Acclaimed Italian writer and self-described anarchist Erri De Luca was acquitted of incitement to violence on Monday, in what is considered a major victory for free speech and the movement against the controversial multibillion-euro high-speed rail line at the centre of the case.
It is a case that began in 2013, when De Luca said in an interview with the Huffington Post that it was legitimate to sabotage the rail line between Italy and France known as the TAV (Treno Alta Velocità).
Lyon Turin Ferroviaire, the French company building the line, pressed charges against De Luca claiming that the writer had publicly instigated the commission of crimes and violations, thus representing a threat to the lives and safety of TAV employees. However, the writer’s comments were found not to have provoked any immediate violence or damage to property.
According to critics of the rail project, the trial was a political one, part of efforts to silence the movement against the TAV.
The No Tav movement
The TAV project involves plans for a 35-mile tunnel link under the Alps (four miles longer than the Channel tunnel), linking Turin, in Italy, to Lyon, in France.
The rail project has been the subject of a 20-year struggle, characterised by “epic tenacity”, and often violent state repression.

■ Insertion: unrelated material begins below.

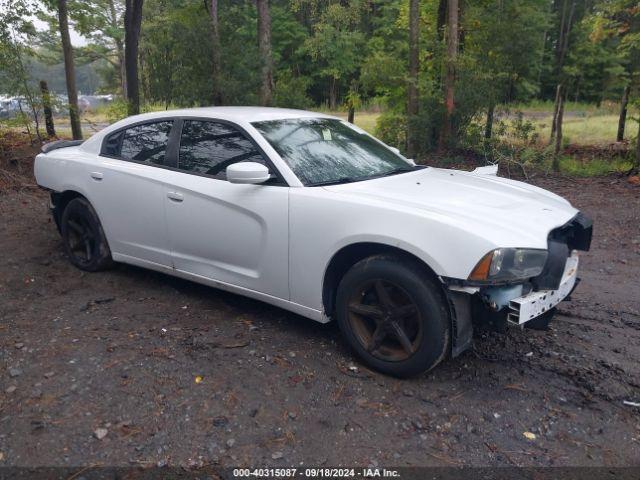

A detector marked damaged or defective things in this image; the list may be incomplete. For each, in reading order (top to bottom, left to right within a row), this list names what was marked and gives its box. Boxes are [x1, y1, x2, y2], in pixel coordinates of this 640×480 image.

damaged front end [444, 213, 592, 356]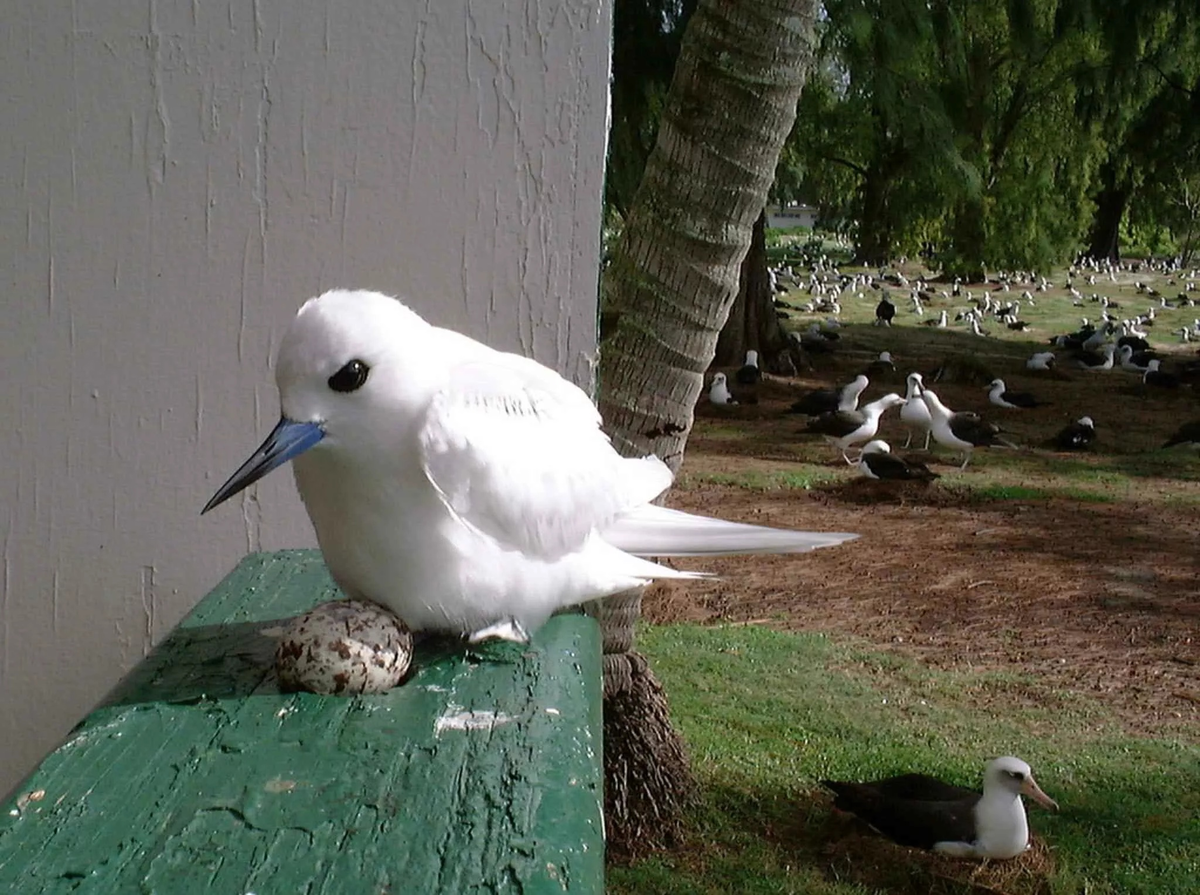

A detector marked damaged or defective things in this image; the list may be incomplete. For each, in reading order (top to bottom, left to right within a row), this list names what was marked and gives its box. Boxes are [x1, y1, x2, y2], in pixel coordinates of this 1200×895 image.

peeling green paint [0, 551, 600, 892]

The majority of local residents in the Alpine Susa Valley, environmentalists and anti-globalisation activists have fiercely opposed and delayed the project.
The struggle began in 1992, but reached the mainstream media in 2005, when 20,000 people marched against the project. Since then, there has been a series of marches (involving up to 70,000 people), public assemblies, and occupations.

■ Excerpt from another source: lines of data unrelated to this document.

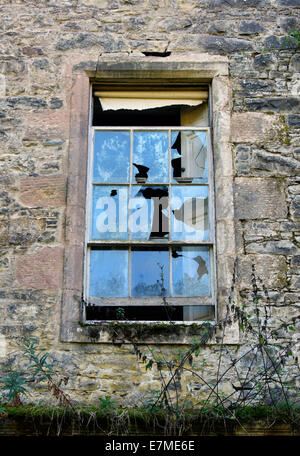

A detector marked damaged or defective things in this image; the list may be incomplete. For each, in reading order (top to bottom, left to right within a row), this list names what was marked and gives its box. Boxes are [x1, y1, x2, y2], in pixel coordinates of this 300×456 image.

broken glass pane [93, 129, 129, 183]
broken glass pane [132, 130, 168, 183]
broken glass pane [172, 130, 207, 183]
broken glass pane [91, 186, 129, 240]
broken window [84, 85, 214, 320]
broken glass pane [131, 186, 169, 242]
broken glass pane [171, 186, 209, 242]
broken glass pane [88, 248, 127, 298]
broken glass pane [131, 248, 169, 298]
broken glass pane [172, 248, 210, 298]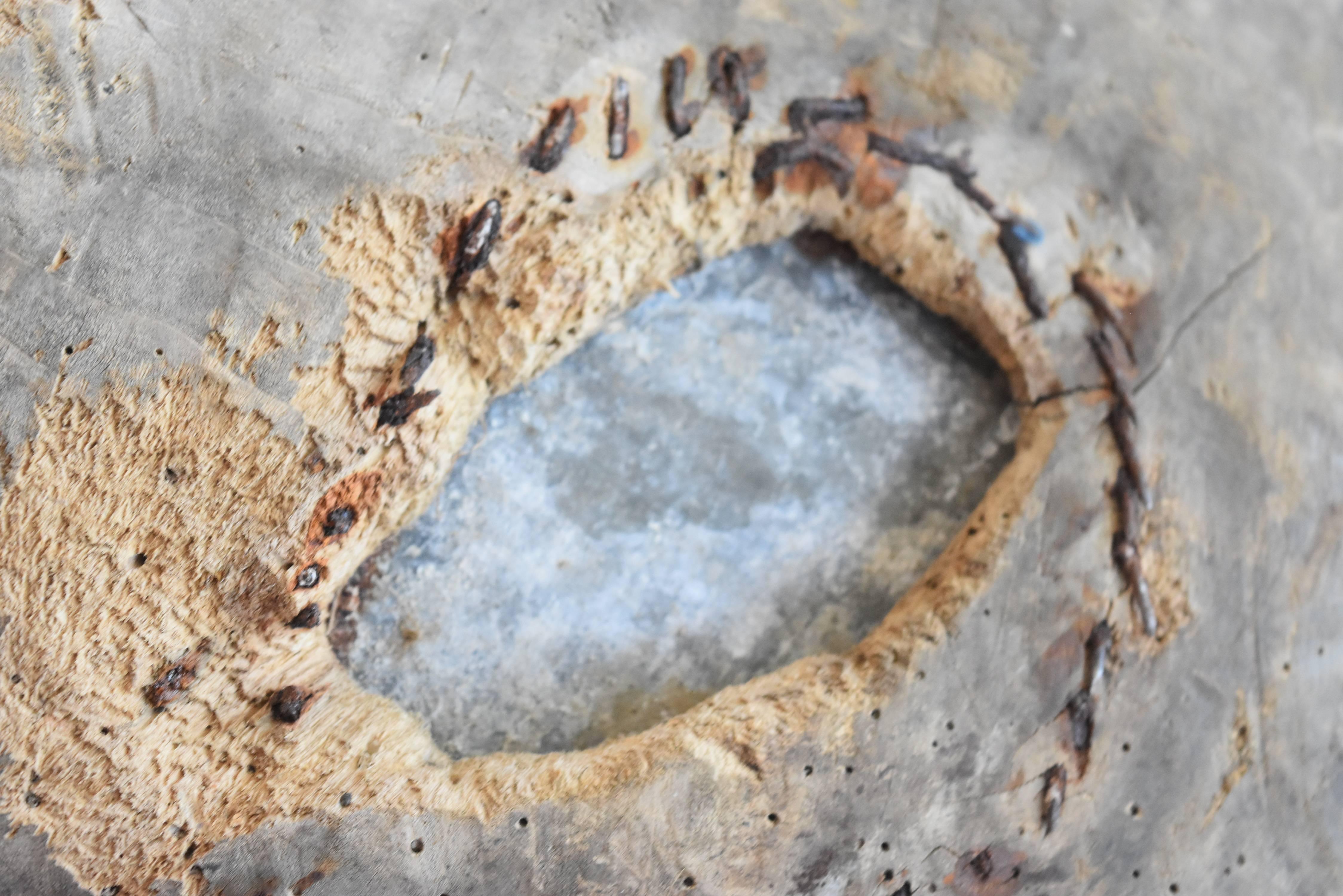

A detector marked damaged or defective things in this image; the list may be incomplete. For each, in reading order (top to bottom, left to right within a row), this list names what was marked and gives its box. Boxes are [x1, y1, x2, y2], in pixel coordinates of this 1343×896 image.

orange rust mark [306, 470, 384, 548]
splintered wood edge [2, 119, 1069, 896]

Two of the most dramatic events took place in 2011. On 27 June 2011, the government ordered the eviction of the Libera Repubblica della Maddalena (the ‘Free Republic of the Magdalen’) – the No Tav camp site in the village of Chiomonte, on the site of the first planned excavation on the Italian side. In the early morning two thousand police officers cleared the occupation where hundreds of protesters were staying. On 3 July thousands of protesters reacted to the state’s actions by marching up to the fences and battling with police, carabinieri, and army soldiers for eight hours. 400 people were injured in the clashes.

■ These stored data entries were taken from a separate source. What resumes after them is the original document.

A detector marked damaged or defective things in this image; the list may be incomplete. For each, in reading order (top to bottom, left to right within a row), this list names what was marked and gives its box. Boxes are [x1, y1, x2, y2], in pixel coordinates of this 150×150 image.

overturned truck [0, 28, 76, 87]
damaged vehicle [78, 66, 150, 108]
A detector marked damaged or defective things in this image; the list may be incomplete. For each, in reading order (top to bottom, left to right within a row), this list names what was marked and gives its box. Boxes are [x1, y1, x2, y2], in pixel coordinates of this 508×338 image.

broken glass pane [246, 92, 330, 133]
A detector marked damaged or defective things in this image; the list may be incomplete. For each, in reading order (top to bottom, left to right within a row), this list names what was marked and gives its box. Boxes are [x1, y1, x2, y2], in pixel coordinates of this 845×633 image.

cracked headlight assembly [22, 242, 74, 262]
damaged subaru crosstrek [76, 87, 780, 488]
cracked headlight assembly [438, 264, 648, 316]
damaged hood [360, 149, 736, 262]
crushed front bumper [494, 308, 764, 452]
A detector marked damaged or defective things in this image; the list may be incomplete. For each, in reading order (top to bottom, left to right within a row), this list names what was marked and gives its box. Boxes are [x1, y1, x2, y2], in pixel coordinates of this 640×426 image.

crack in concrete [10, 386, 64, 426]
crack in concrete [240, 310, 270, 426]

In January this year, 47 people linked to the 2011 clashes were sentenced to up to four years and six months in jail, to serve a total of over 140 years between them.
The construction site of the TAV has also been proclaimed an area of strategic national interest and is now protected by military checkpoints.
Rationale behind the struggle
The project is officially aimed at increasing trade, lowering transport costs and boosting commuter services. It would cut travelling time from Milan to Paris to four hours rather than the current seven hours.
However, activists oppose the project for a series of reasons.
First of all, they claim it is useless: there is no need for a new railway – the existing Turin-Modane railway is currently under-utilised, and, they argue, could support any potential increase in traffic. Thus, the tunnel would be an utter waste of public funds. Today, the projected cost is thought to be between 8 billion and 13 billion euros.
Secondly, they point to a series of environmental concerns. For example, it would involve an appropriation of the (rare) arable land in the valley. The tunnel and landfill could cause the destruction of water sources and the drying of rivers (as has happened in a similar project in the Mugello), impacting aqueducts, crops and woodland. It would also have a significant impact on the landscape and important archaeological sites in the area.
Finally, protestors argue the project appears to be a way of transferring public funds into private hands – whereby the state pays the bulk of costs, and profits go to contractors, and banks financing the project, amongst others.
It is considered not just a local issue, but a national symbol of waste and exploitation for private gain. That’s why Erri De Luca, on Monday morning, even before his acquittal, confirmed his belief that the TAV will be “impeded, obstructed and sabotaged in legitimate defence of the soil, air and water of a threatened community”.